» Work instructions
Except for images, print the whole listing verbatim.

» Data provided
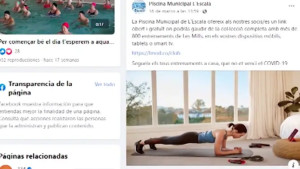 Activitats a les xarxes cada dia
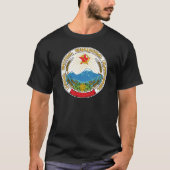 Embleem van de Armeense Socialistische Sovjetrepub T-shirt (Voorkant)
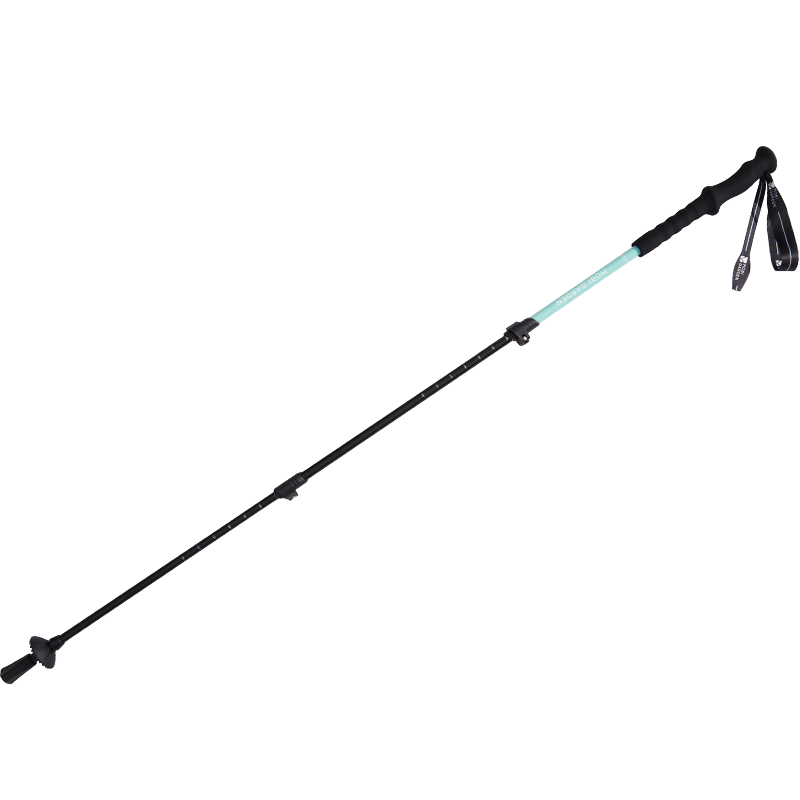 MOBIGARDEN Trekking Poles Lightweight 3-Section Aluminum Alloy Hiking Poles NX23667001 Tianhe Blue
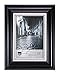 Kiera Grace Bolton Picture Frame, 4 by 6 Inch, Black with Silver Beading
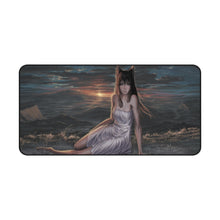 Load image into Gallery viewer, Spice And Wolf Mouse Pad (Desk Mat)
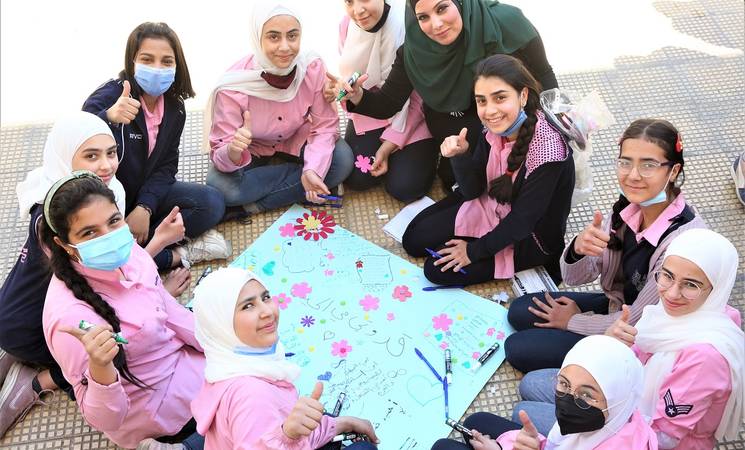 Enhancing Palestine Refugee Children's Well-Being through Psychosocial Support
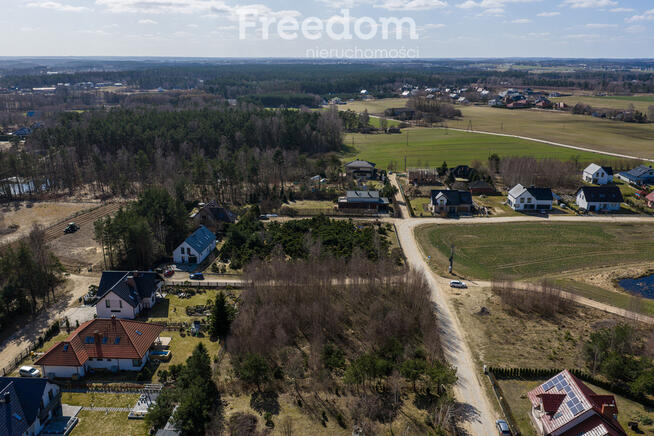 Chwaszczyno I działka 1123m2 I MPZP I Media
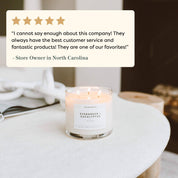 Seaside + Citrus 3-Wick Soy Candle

» Answer area
 Activitats a les xarxes cada dia
 Embleem van de Armeense Socialistische Sovjetrepub T-shirt (Voorkant)
 MOBIGARDEN Trekking Poles Lightweight 3-Section Aluminum Alloy Hiking Poles NX23667001 Tianhe Blue
 Kiera Grace Bolton Picture Frame, 4 by 6 Inch, Black with Silver Beading
 Load image into Gallery viewer, Spice And Wolf Mouse Pad (Desk Mat)
 Enhancing Palestine Refugee Children's Well-Being through Psychosocial Support
 Chwaszczyno I działka 1123m2 I MPZP I Media
 Seaside + Citrus 3-Wick Soy Candle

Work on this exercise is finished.